In addition to the logistical struggles of obtaining correct identity information, members of the transgendered community have difficulty finding jobs.
Kayla Bonham transitioned ten years ago: “I’ve been in that situation where I’ve wondered if my transgender status… if I am being discriminated against silently, but there’s no way to know or to prove it.”
Photo by Katherine HuitemaLyn Langille — who has facilitated the Transgendered Day of Remembrance for the past four years — said that, until recently, “if you wanted to transition at work, really, you didn’t. Your option was quit your job, live full-time, try a new job as a new person.”
Langille said that the transgendered community often feels very isolated and segregated and this event is key in providing the necessary hope.

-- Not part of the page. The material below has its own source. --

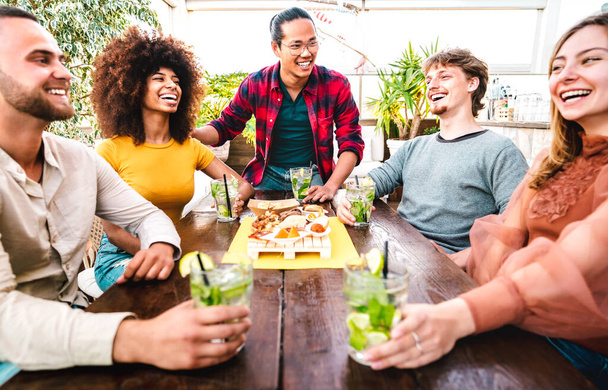 Weite Sicht auf Menschen, die Mojito im Mode-Cocktail-Pub-Restaurant trinken - Party-Time-Konzept mit jungen Freunden, die Spaß bei ausgefallenen Drinks zur Happy Hour an der Bar haben - Foto, Bild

“When we get them together… you can drill home that there are resources out there, there are groups out there, there’s support, there’s hope, there’s something to get you past the worst of what you’re feeling. It just gives them something to hold on to when they walk away from a safe space like this,” said Langille, who became involved with the Transgendered Day of Remembrance because her wife is transgendered.
About 100 transgendered people, friends, family and supporters were in attendance at this year’s event. That’s an increase from the 64 attendees in 2012 according to a Calgary Journal article.
Bonham said it’s important to attend such events “to support those who are going through [these struggles]…”
But Bonham said it’s also “important to recognize that our parts of the world are not as blessed as we are with support. And even in Alberta there can still be discrimination and harassment, even murder, of people who are detected or recognized as trans.”